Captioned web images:
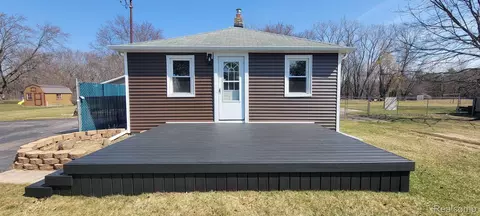 1201 Glendale St, Burton, MI 48509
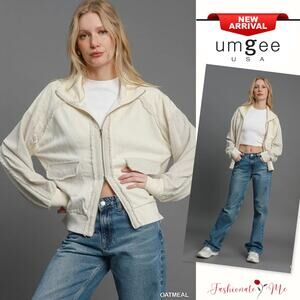 Umgee Two-Way Zip-Up Long Sleeves Front Pockets Loose Jacquard Jacket | Oatmeal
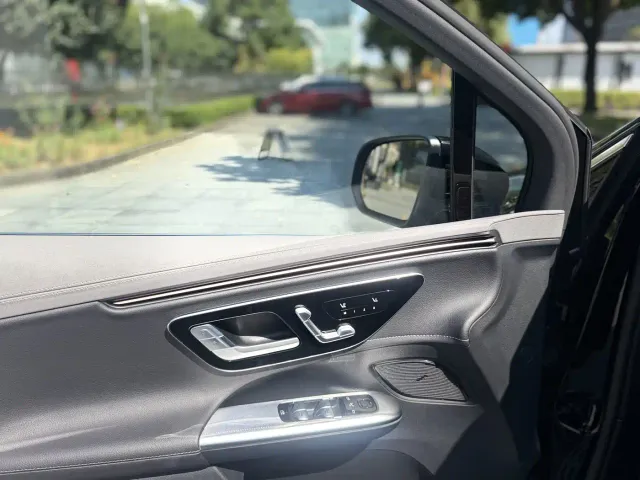 Mercedes-Benz EQE SUV — Фото автомобиля 12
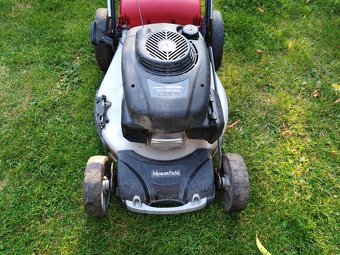 sekačka s pojezdem motor honda - 3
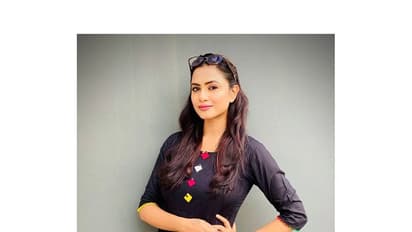 சீரியல் நடிகை என்றால் புடவையில் தான் போஸ் கொடுப்பங்களோ..? சிந்திக்க வைத்த ஜனனி..! லேட்டஸ்ட் போட்டோஸ்..!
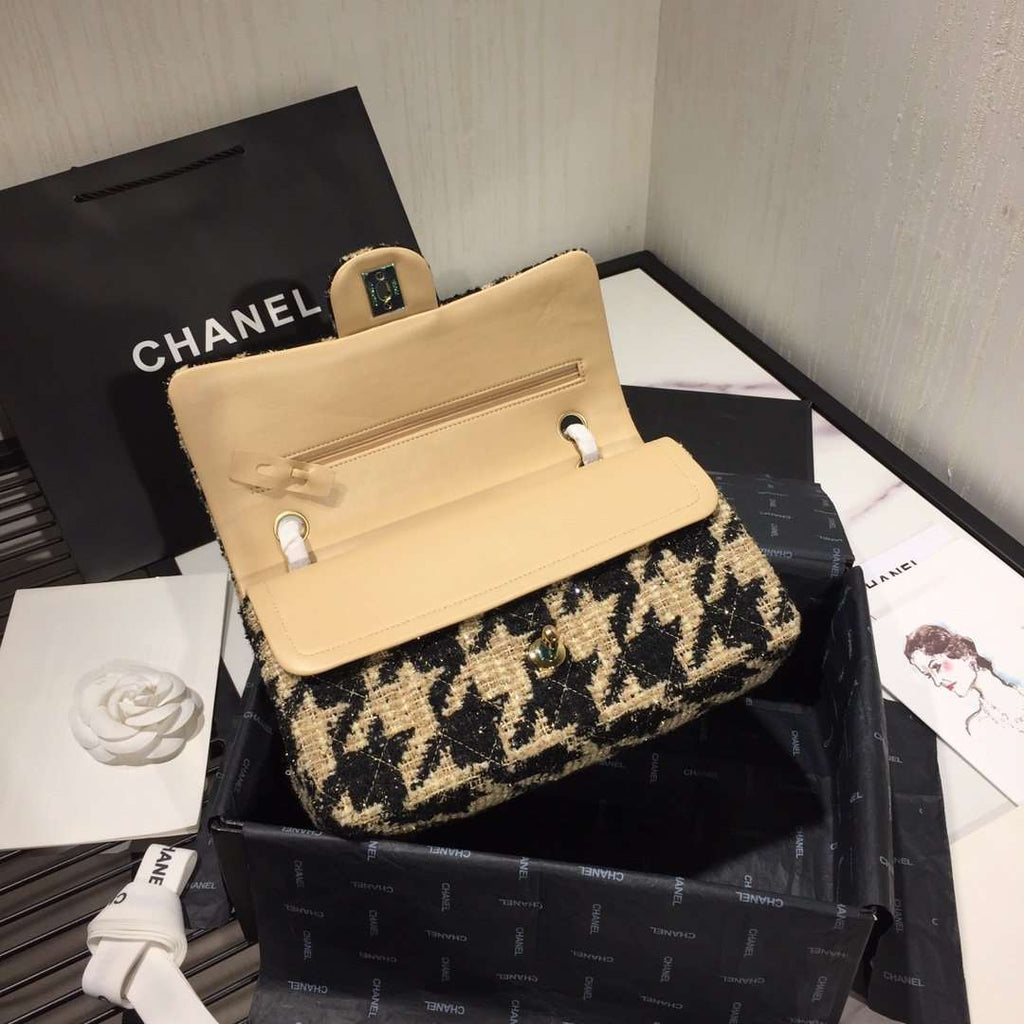Chanel 19 tweed Flap Bag Black and beige
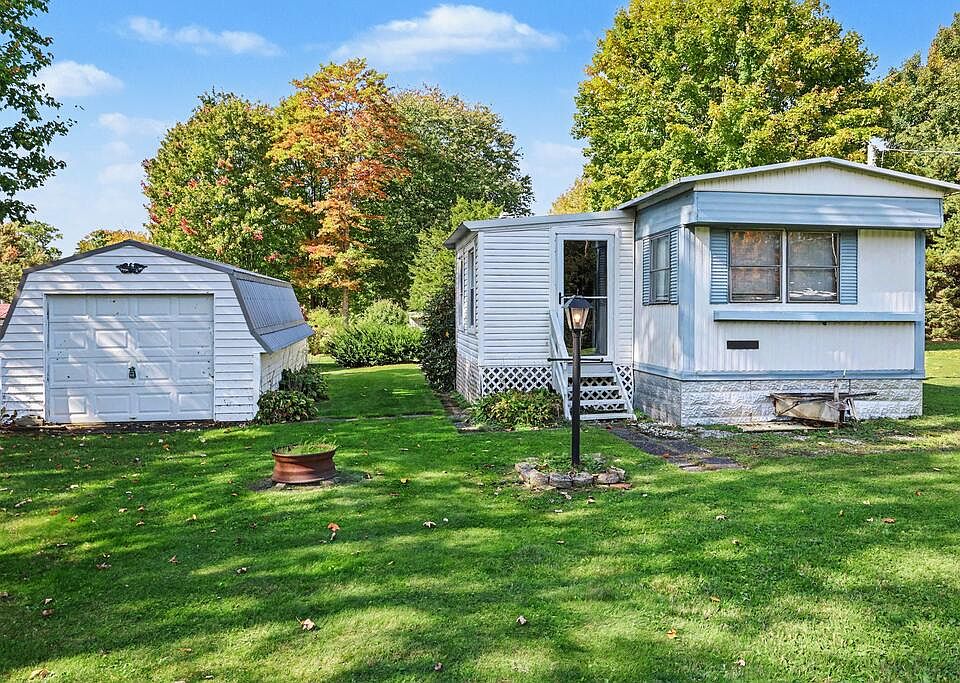1st image of 15493 Ridgecrest Dr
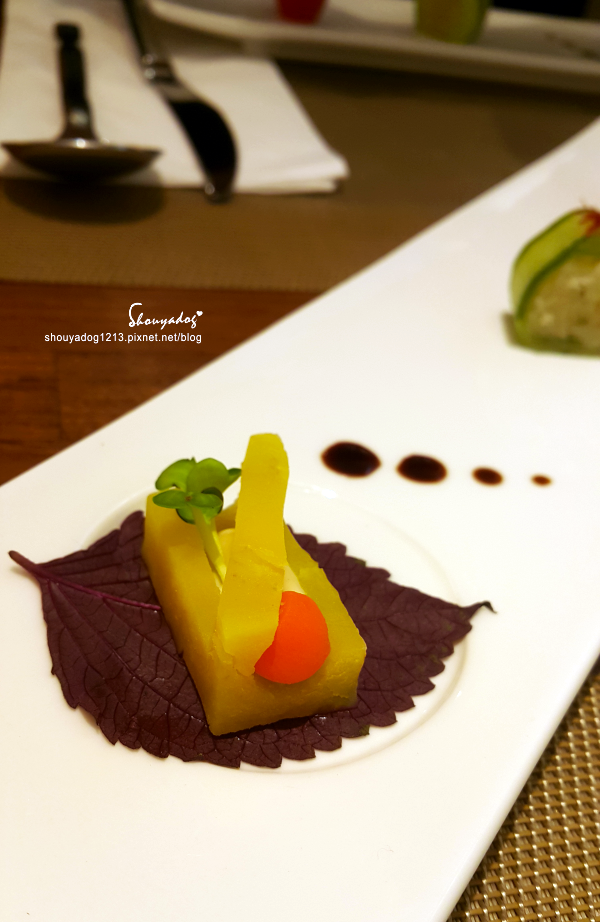 艾維農 歐風素食 x 藝文畫廊:【素食餐廳】新鮮健康的桃園美食 艾維農 歐風素食X藝文畫廊X宅配蛋糕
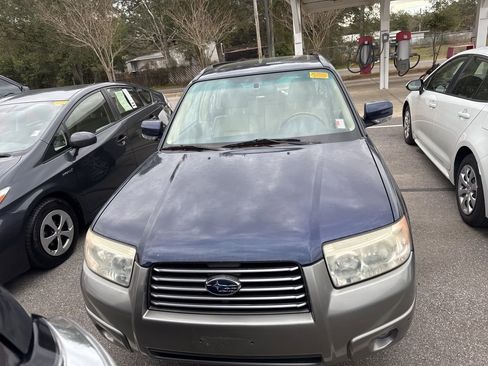 Used 2006 Subaru Forester 2.5X L.L. Bean image 2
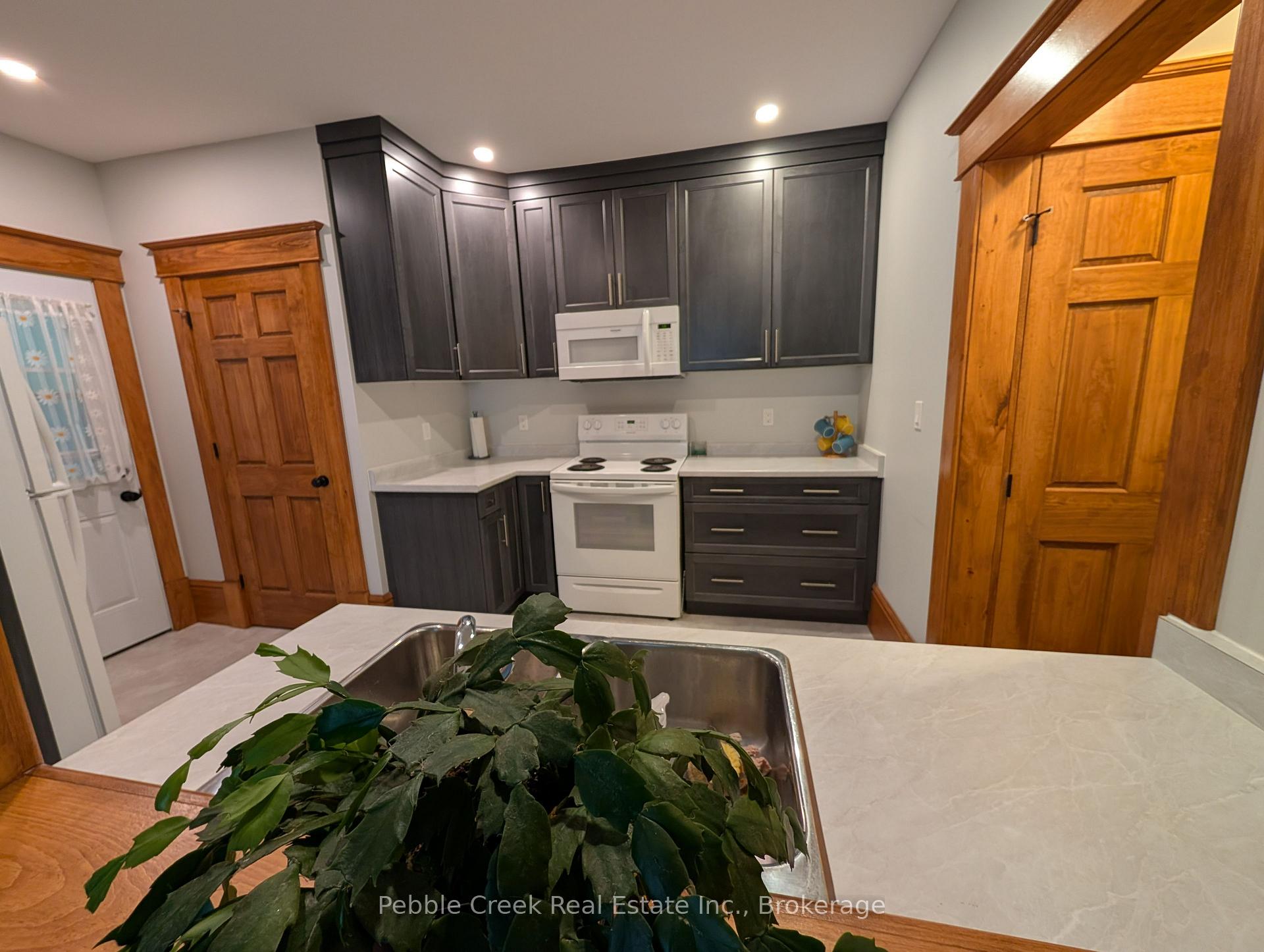 Photo 16 of 180 Cobourg Street, Stratford — HOMEH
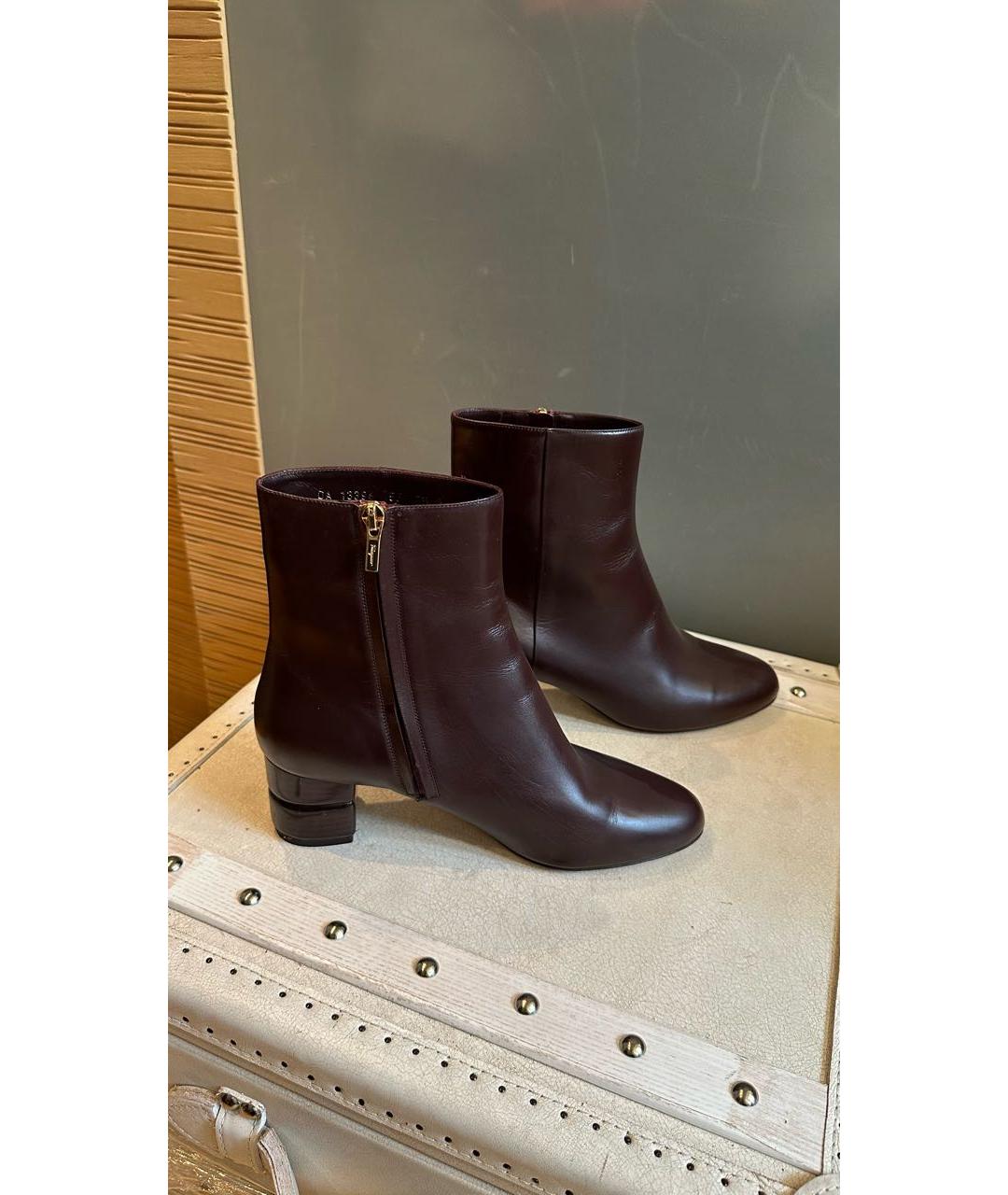 FERRAGAMO Бордовые кожаные полусапоги, фото 9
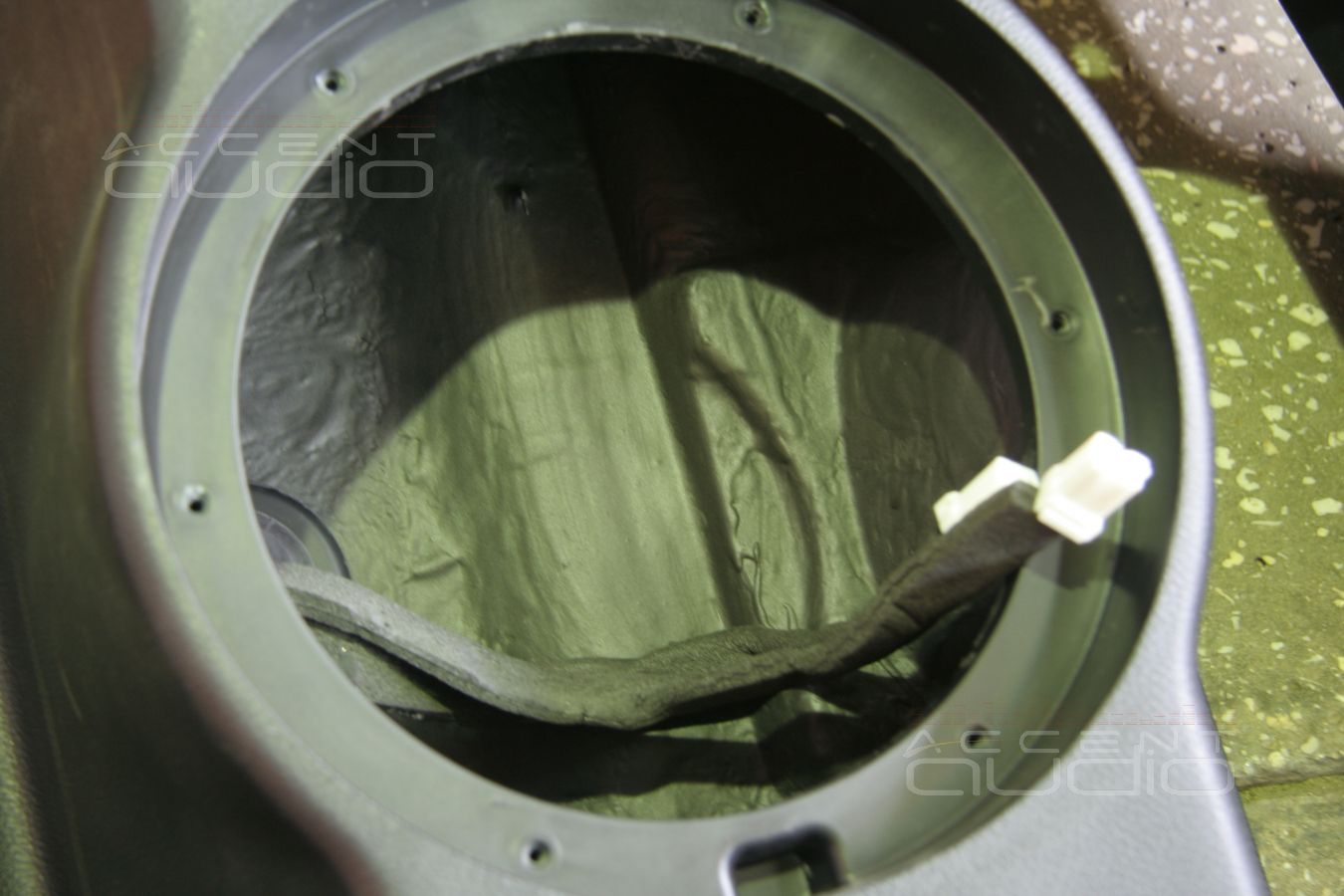 Установка сабвуфера в Jeep Wrangler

--- ABOUT THIS TASK ---
The lines from the one containing "1st image of 15493 Ridgecrest Dr" through the end of the data above are to be copied exactly, both ends included, and pictures are to be omitted.

--- EXPECTED ANSWER ---
1st image of 15493 Ridgecrest Dr
 艾維農 歐風素食 x 藝文畫廊:【素食餐廳】新鮮健康的桃園美食 艾維農 歐風素食X藝文畫廊X宅配蛋糕
 Used 2006 Subaru Forester 2.5X L.L. Bean image 2
 Photo 16 of 180 Cobourg Street, Stratford — HOMEH
 FERRAGAMO Бордовые кожаные полусапоги, фото 9
 Установка сабвуфера в Jeep Wrangler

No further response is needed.